▸ **Your objective**: All records, minus the pictures: write them out exactly.

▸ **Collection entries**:
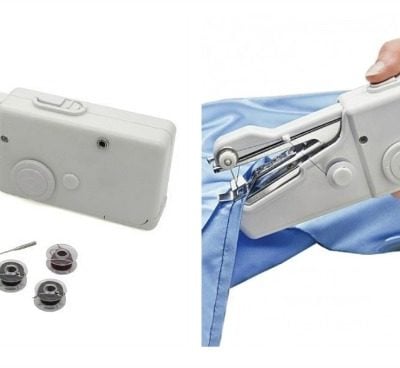 Handheld Sewing Machine Just $9.99! Down From $40! Ships FREE!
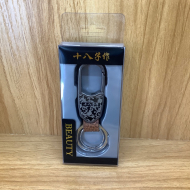 Y002钥匙扣十八子*40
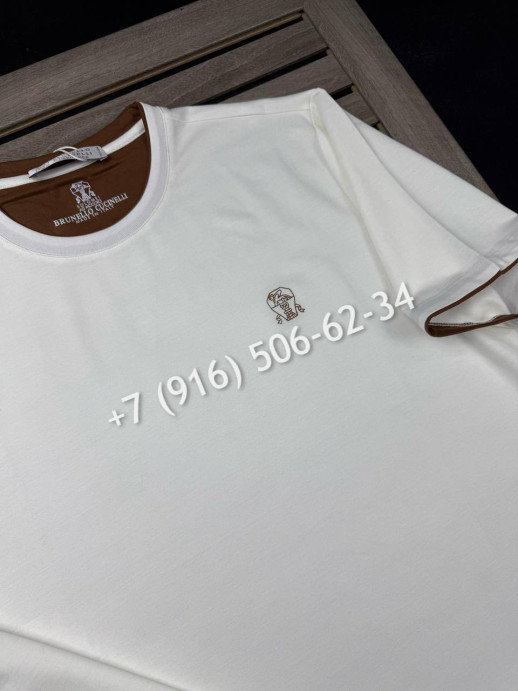 Футболка Brunello Cucinelli 9540 1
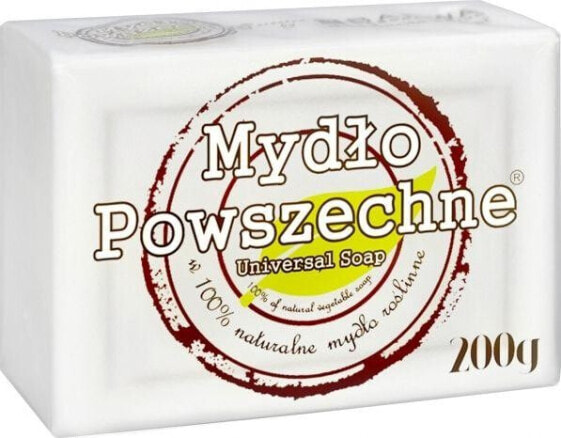 Кусковое мыло без ароматизаторов и красителей BARWA Powszechne 200г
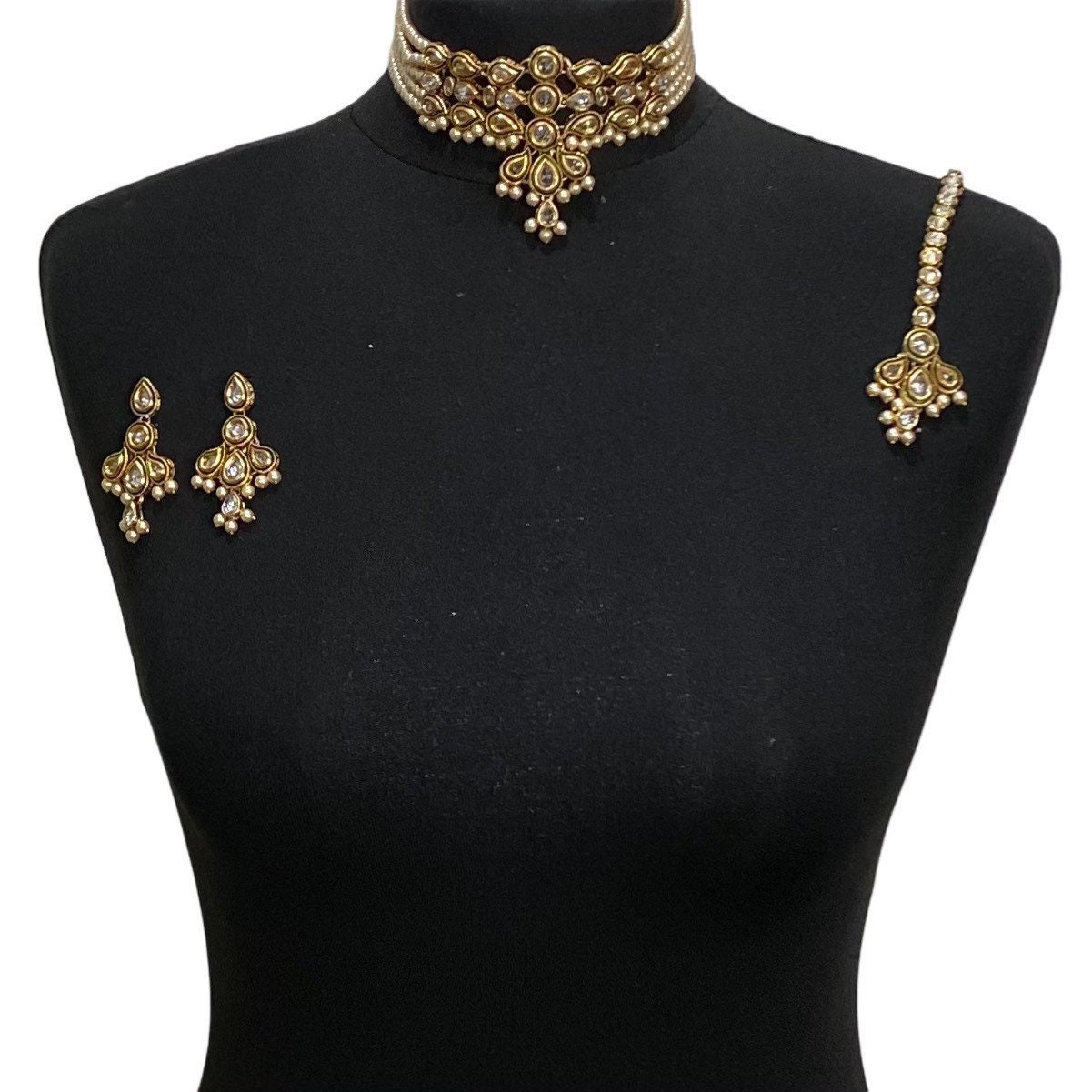 Pink Meenakari Kundan Jadau Beaded Pearl Choker Necklace Sabyasachi Choker  Designer Jaipur Jewelry Choker Indian Pakistani Jewelry - Etsy | Jaipur  jewelry, Pakistani jewelry, Indian wedding jewelry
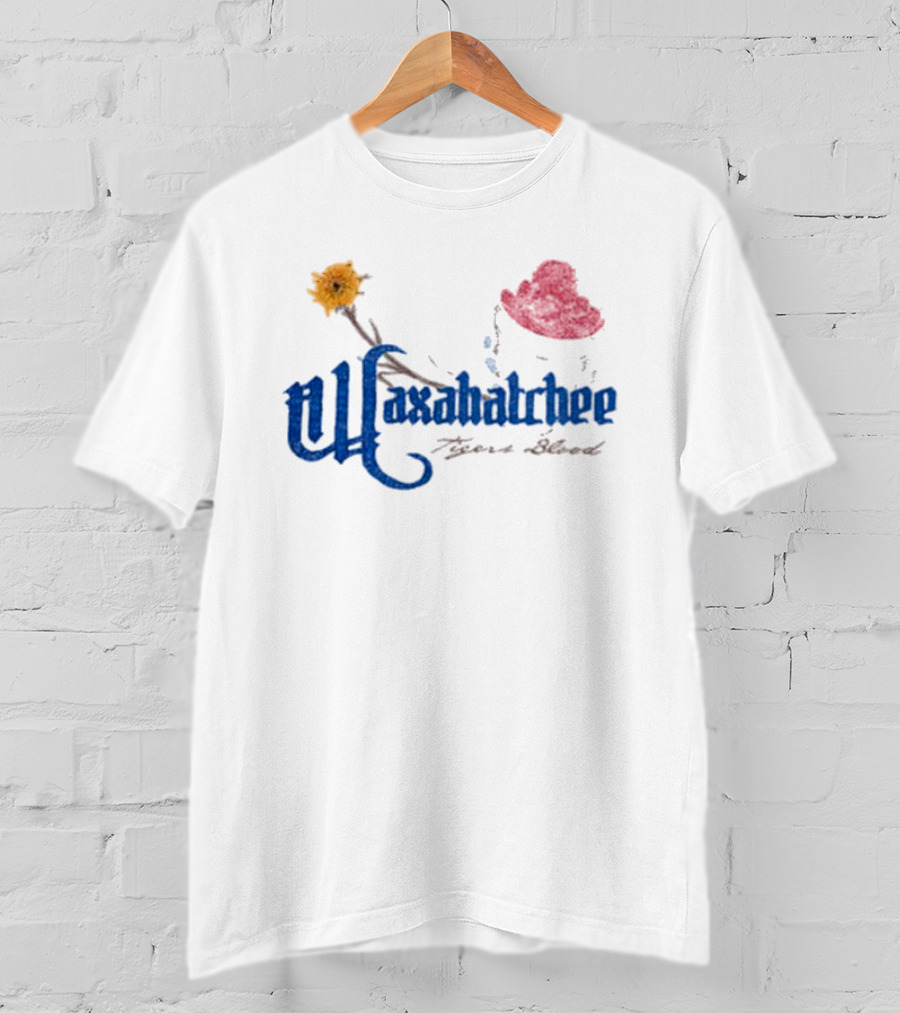 Waxahatchee Lifer Blood Illustrated Snow Cone Floral T-Shirt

▸ **Answer for this exercise**:
 Handheld Sewing Machine Just $9.99! Down From $40! Ships FREE!
 Y002钥匙扣十八子*40
 Футболка Brunello Cucinelli 9540 1
 Кусковое мыло без ароматизаторов и красителей BARWA Powszechne 200г
 Pink Meenakari Kundan Jadau Beaded Pearl Choker Necklace Sabyasachi Choker  Designer Jaipur Jewelry Choker Indian Pakistani Jewelry - Etsy | Jaipur  jewelry, Pakistani jewelry, Indian wedding jewelry
 Waxahatchee Lifer Blood Illustrated Snow Cone Floral T-Shirt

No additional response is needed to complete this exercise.